Lao Quan no nos hizo caso. Siguió mirando aquí y allí. Al cabo de un rato, se detuvo. Miró a un lado y a otro, y volvió hacia nosotros. Al acercarse nos enseñó cuatro dedos.

– Hay cuatro -dijo sacudiendo la cabeza-. Cuatro que conozco.

Apenas acabó de decirlo, Lao Quan se quedó mirándonos con los ojos desorbitados, las piernas repentinamente tiesas. Luego cayó de rodillas al suelo. No sabíamos por qué hacía eso, sólo veíamos las balas pasar silbando, así que le gritamos con todas nuestras fuerzas:

– ¡Lao Quan, date prisa!

A pesar de nuestras llamadas, Lao Quan seguía sin moverse. Sólo entonces caí en la cuenta de que a Lao Quan le pasaba algo. Salí a toda prisa del túnel, corrí hacia Lao Quan y, al llegar junto a él vi una mancha de sangre en su espalda. Se me nubló la vista y entre sollozos llamé a Chunsheng. Cuando llegó el niño, entre los dos llevamos a Lao Quan al túnel. Las balas silbaban a nuestro alrededor y pasaban rozándonos.

Tumbamos a Lao Quan. Traté de parar la hemorragia de la espalda con la mano. El lugar de la herida estaba húmedo, abrasaba, y la sangre seguía saliendo, escurriéndoseme entre los dedos. Los ojos de Lao Quan parpadearon lentamente, como si nos hubiera mirado. Luego se movieron sus labios.

– ¿Dónde estamos? -preguntó con voz ronca.

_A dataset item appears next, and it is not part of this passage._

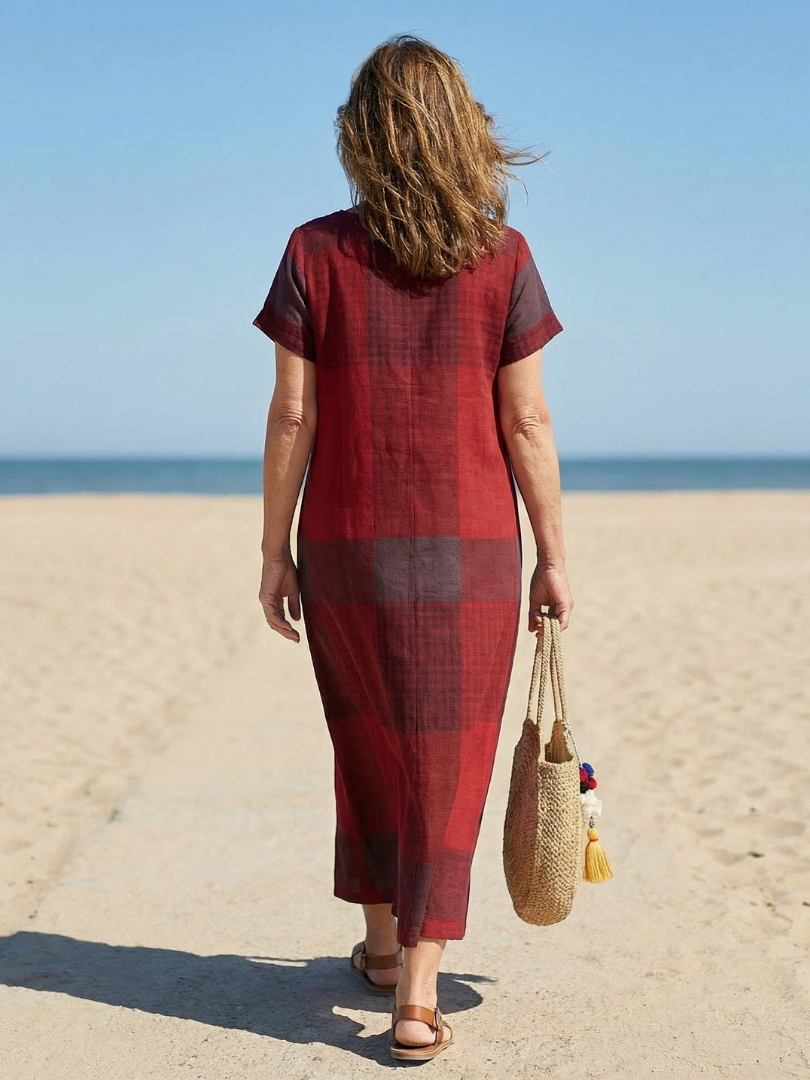 Alaia | Abito Midi Relaxed Line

Chunsheng y yo levantamos la cabeza y miramos a nuestro alrededor. ¿Cómo íbamos a saber dónde estábamos? No pudimos más que volver la vista hacia Lao Quan. Cerró los ojos con fuerza y luego los volvió a abrir lentamente, cada vez más grandes, torciendo la boca, como en un rictus de amargura.